**Your assignment**
Reproduce the first line of the entries that follow and each later line, word for word, ending with the one containing "HM 5382 BELT".
"""
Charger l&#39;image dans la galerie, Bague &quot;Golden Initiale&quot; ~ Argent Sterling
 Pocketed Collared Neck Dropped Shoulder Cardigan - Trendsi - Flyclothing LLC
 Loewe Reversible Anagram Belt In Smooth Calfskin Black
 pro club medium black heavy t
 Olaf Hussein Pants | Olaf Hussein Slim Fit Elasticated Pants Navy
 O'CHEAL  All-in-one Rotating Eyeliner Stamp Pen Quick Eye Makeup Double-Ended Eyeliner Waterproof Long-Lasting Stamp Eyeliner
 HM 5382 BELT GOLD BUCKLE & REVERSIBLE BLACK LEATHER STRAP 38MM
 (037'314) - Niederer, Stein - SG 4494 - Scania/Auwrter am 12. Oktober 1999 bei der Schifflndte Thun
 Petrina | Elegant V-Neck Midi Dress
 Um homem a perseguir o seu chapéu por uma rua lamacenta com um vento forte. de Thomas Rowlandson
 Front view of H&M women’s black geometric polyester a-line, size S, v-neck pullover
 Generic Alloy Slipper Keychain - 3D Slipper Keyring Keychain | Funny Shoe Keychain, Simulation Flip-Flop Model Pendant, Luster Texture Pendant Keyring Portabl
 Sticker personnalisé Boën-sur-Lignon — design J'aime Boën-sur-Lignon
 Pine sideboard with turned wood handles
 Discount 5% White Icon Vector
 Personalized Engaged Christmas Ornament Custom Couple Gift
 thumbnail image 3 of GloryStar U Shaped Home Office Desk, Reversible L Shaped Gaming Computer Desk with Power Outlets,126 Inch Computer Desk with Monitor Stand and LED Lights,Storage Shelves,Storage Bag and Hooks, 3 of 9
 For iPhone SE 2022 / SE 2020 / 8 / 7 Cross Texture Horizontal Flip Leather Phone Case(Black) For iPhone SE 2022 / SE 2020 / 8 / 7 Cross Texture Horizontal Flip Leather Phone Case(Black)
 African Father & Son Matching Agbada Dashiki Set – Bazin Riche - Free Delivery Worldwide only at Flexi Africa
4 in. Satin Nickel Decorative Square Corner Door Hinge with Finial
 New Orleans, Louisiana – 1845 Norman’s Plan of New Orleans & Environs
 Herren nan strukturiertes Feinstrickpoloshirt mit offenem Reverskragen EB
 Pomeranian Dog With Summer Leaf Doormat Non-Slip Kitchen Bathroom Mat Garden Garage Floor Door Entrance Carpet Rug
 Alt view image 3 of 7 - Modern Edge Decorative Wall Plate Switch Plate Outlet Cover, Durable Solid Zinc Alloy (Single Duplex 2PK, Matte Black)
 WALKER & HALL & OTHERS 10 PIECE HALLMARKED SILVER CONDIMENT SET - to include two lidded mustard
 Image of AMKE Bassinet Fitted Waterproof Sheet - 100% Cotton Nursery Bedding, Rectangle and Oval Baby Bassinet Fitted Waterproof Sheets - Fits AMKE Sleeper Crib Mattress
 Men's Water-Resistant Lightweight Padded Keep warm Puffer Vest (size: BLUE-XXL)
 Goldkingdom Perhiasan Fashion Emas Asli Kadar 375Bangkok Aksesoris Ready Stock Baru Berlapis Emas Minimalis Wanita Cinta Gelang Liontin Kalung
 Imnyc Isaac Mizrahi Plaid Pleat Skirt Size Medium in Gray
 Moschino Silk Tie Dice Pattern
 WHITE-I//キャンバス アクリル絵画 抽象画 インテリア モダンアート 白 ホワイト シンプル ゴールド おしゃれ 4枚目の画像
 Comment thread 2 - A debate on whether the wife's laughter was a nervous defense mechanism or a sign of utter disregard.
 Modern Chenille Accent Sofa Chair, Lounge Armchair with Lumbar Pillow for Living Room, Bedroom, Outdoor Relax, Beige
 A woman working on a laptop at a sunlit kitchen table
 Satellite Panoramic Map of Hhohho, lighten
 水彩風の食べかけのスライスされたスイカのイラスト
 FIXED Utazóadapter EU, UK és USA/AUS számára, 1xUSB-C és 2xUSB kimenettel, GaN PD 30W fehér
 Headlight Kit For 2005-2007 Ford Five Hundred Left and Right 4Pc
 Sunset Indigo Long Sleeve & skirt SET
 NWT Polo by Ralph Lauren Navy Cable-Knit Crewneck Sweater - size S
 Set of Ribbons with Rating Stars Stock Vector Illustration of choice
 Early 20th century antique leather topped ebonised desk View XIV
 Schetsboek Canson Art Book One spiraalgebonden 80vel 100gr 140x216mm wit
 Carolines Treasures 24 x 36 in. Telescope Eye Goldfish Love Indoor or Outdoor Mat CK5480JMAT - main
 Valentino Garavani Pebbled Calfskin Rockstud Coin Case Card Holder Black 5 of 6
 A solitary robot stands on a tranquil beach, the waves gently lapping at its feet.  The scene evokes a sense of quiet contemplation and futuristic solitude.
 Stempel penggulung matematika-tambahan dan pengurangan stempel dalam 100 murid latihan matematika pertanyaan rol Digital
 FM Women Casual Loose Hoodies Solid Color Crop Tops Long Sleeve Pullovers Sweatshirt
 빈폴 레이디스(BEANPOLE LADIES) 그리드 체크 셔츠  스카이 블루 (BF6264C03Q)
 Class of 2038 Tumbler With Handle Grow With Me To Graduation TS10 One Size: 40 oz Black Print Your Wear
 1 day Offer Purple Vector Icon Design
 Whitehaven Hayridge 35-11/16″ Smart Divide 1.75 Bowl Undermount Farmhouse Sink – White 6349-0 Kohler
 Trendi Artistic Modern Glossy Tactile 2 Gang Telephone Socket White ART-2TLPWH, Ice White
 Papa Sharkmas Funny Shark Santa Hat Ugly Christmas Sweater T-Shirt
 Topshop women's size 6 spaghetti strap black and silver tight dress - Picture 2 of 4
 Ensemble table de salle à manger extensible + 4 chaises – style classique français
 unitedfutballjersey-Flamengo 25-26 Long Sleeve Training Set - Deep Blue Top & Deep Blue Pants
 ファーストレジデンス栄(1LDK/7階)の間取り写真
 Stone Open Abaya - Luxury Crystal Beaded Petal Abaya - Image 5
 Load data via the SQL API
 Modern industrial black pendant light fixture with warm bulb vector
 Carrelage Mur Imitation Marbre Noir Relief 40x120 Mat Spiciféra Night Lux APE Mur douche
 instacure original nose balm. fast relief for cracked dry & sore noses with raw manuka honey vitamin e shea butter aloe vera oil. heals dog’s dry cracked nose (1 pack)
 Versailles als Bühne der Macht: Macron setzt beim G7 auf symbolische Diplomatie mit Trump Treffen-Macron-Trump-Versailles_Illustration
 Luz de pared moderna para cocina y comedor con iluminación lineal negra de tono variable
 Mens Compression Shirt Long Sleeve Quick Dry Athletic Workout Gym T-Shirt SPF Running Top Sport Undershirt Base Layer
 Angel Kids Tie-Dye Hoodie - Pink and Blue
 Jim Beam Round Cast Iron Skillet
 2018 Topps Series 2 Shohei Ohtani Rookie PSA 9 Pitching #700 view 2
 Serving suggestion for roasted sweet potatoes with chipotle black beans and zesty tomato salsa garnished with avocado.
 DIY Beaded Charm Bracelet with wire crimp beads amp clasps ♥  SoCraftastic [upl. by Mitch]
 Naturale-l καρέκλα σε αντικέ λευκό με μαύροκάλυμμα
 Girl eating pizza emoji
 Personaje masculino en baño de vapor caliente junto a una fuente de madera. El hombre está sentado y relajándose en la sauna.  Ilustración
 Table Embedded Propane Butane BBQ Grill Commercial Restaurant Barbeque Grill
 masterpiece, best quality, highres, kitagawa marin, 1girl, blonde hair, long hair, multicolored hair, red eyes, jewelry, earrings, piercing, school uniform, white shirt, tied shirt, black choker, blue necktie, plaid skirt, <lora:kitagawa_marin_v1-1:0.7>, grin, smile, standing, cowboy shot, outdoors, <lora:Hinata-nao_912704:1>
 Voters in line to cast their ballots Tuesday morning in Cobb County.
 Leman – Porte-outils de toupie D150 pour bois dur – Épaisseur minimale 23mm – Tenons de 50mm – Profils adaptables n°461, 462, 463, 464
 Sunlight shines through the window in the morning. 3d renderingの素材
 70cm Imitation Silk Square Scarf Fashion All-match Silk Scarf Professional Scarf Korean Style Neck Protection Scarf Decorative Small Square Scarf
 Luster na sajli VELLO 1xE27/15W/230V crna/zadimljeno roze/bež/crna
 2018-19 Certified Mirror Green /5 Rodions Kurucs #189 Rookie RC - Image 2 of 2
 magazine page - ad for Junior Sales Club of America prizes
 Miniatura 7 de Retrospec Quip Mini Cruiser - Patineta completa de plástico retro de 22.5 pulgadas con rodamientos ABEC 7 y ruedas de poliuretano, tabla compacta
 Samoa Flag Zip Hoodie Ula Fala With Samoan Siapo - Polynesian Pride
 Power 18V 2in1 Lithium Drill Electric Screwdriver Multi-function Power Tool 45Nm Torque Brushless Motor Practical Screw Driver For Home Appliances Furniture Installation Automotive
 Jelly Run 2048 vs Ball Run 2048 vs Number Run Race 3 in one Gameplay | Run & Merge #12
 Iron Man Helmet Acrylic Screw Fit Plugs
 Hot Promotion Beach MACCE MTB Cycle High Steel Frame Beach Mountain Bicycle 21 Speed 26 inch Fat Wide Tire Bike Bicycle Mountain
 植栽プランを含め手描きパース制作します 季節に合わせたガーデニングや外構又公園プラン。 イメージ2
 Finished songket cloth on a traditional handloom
"""
**Written solution**
Charger l&#39;image dans la galerie, Bague &quot;Golden Initiale&quot; ~ Argent Sterling
 Pocketed Collared Neck Dropped Shoulder Cardigan - Trendsi - Flyclothing LLC
 Loewe Reversible Anagram Belt In Smooth Calfskin Black
 pro club medium black heavy t
 Olaf Hussein Pants | Olaf Hussein Slim Fit Elasticated Pants Navy
 O'CHEAL  All-in-one Rotating Eyeliner Stamp Pen Quick Eye Makeup Double-Ended Eyeliner Waterproof Long-Lasting Stamp Eyeliner
 HM 5382 BELT GOLD BUCKLE & REVERSIBLE BLACK LEATHER STRAP 38MM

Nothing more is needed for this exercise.